Personal information
- Born: 27 August 1984 (age 41)
- Original team: Norwood (SANFL)
- Debut: Round 3, 2003, Melbourne vs. Western Bulldogs, at Telstra Dome
- Height: 198 cm (6 ft 6 in)
- Weight: 97 kg (214 lb)

Playing career^{1}
- Years: Club / Games (Goals)
- 2003–2006: Melbourne / 4 (0)
- ^{1} Playing statistics correct to the end of 2006.

= Nick Smith (footballer, born 1984) =

Australian rules footballer

Nicholas Smith (born 27 August 1984) is an Australian rules footballer with the Box Hill Hawks of the Victorian Football League (VFL). Previously, Smith played for the Melbourne Football Club in the Australian Football League (AFL).

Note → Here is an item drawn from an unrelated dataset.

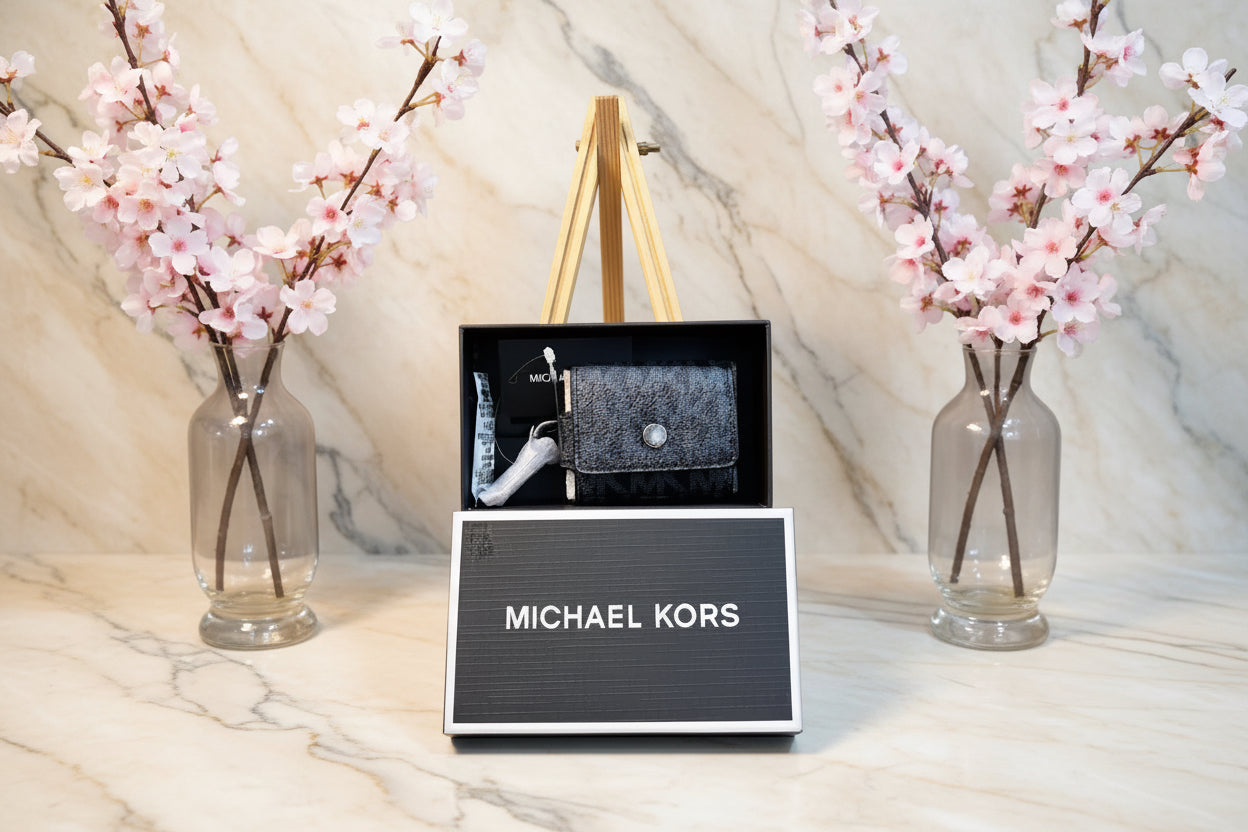 Michael Kors Unisex Expandable Airpod/ Earbud Case MK Signature Admiral In Gift Box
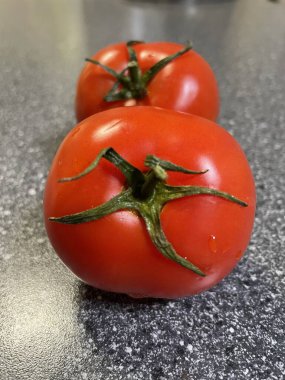 Beyaz arkaplanda kırmızı domatesler.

Recruited from South Australian National Football League club Norwood in the 2002 AFL draft, Smith debuted in 2003 for Melbourne, playing three games for the season, but having little game time or impact.

In 2004 and 2005, Smith played with Melbourne's VFL-affiliate, Sandringham, suffered a knee injury in 2005 which ended his season prematurely.

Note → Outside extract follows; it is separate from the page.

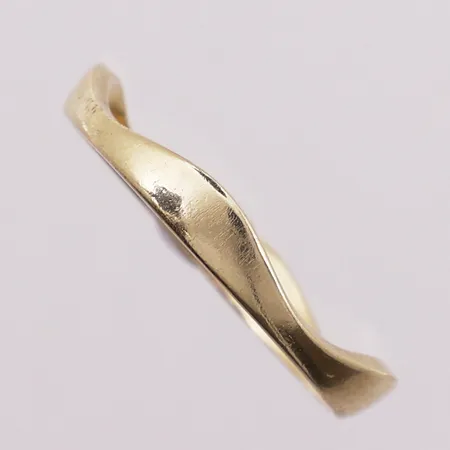 Ring, ø 18mm , bredde 1,7 - 3,2mm, 18K Vekt: 2,1 g Kontakt Lånekontoret for frakt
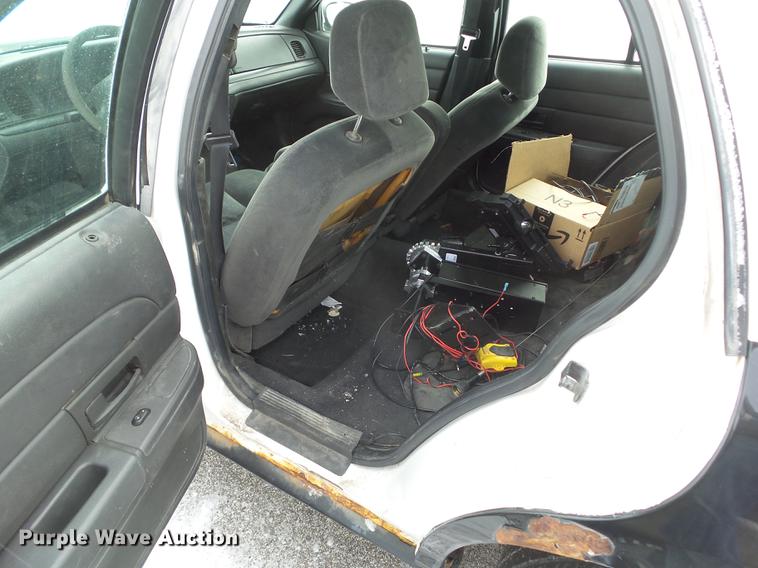 image for item DZ9187 2003 Ford Crown Victoria Police Interceptor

Smith played in the VFL throughout 2006 but an injury to Melbourne's top ruckman Mark Jamar, Smith was suddenly recalled for the semi-final match against Fremantle Football Club. It was Smith's first AFL game in three years, but he could only manage three hitouts, as Melbourne were knocked out of the finals.

Smith was delisted by the Demons at the end of the 2006 season.